A: It is indeed a mating ritual. The large "pendulum arc" display is an act of aggression to intimidate an intruder into leaving a territory, but the buzzy "mating shuttle" you describe is the male's invitation to breed. If he flies off first, she probably has refused; if she flies away and he follows, mating likely will happen.

From Florida
Q: What stops a brother and sister from mating?
A: Females choose their mates, so I suppose they may refuse a male if they recognize them as kin. I don't think this has ever been studied, though, so I'm guessing.

From Colorado
Q:
I live in Denver, Colorado. The few hummingbirds I see, never seem to get along. Always the chase game. Why is it, that some people can have so many, feeding side by side? And I do put up multiple feeders, even for the very few.
A: The busy feeders you see west of you in the mountains host mainly Broad-tailed Hummingbirds, a species that is slightly more tolerant and less combative than your Black-chinned. There are also a LOT more birds nesting up there, and when the population exceeds a certain density the mayhem subsides somewhat and feeders are shared out of necessity, especially at dusk. Simple answer: if you want more hummers, move higher into the mountains.

From Alabama
Q: I have big problem with ants getting in my feeders. What can I do to discourage them?
A: Buy or make an ant moat, and keep it filled with water. Search online to see what they look like.

From Iowa
Q: What plants can I add to my garden for early spring blooms for the first Ruby- throats?
A: Columbine (Aquilegia canadensis), Red Buckeye (Aesculus pavia), and Coral Honeysuckle (Lonicera sempervirens) are good native plants that start blooming right when the first hummingbirds arrive. Also, you can set out flats of inexpensive red Texas Sage 'Lady in Red' (Salvia coccinea), available from any garden department, and plant them when the danger of frost is past.

From Texas
Q: We live near Houston, Texas, and we see the Ruby-throated Hummingbirds. We also have been seeing a very light colored hummingbird almost a grey. I do understand the females are not as colorful, but we were wondering if this may be a different species.
A: It's unlikely. Some birds are just lighter and/or less colorful than others.

From Kansas
Q: A friend of mine uses red Gatorade in his hummingbird feeder and says he sees them around all the time. Is this good or bad for the birds, and does it really work?
A: No, no, no. Please don't do that. All they want from us is sugar and water. Nothing else is proven safe.

From Minnesota
Q:  Why are they so mean to each other at the feeder? They never seem to want to share!
A: It's because they are hummingbirds! :)

From Tennessee
Q: I love my Ruby-throated hummingbirds and I always worry about them during migration. Are there places where they can rest & refuel on their way over the ocean?
A: No. Flying nonstop across the Gulf of Mexico is an important part of the natural selection process that has made these little birds so tough, and not all of them pass this harshest of tests. Before leaving land, hummingbirds double their weight by gorging to add fat as an energy reserve; in good weather they can go 600 miles without stopping, and the crossing is only 500 miles. The ones that don't add enough fat won't make it, and their genes aren't passed on; that's how nature works. It's just a bit more dramatic with hummingbirds, because they're so small and we love them so much.
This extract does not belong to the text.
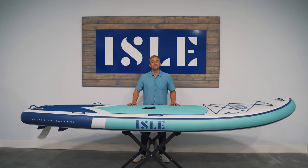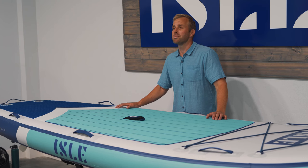Want a board that will turn heads on the water? Meet the life of the party — the Megalodon. This multi-person board is perfect for taking friends, family, and pets out for a group paddle.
Q: Are there any plans underway on trying to find a way to help the hummingbirds during their flight over the ocean?
A:  No, that's not necessary. The birds have been doing this for thousands of years without any help.

Q: Does anyone follow or monitor the hummingbirds during migration as they fly over the ocean?
A:  No, so far that's not possible. Perhaps someday we'll have radio transmitters small enough for a hummer to carry, but we're not even close yet.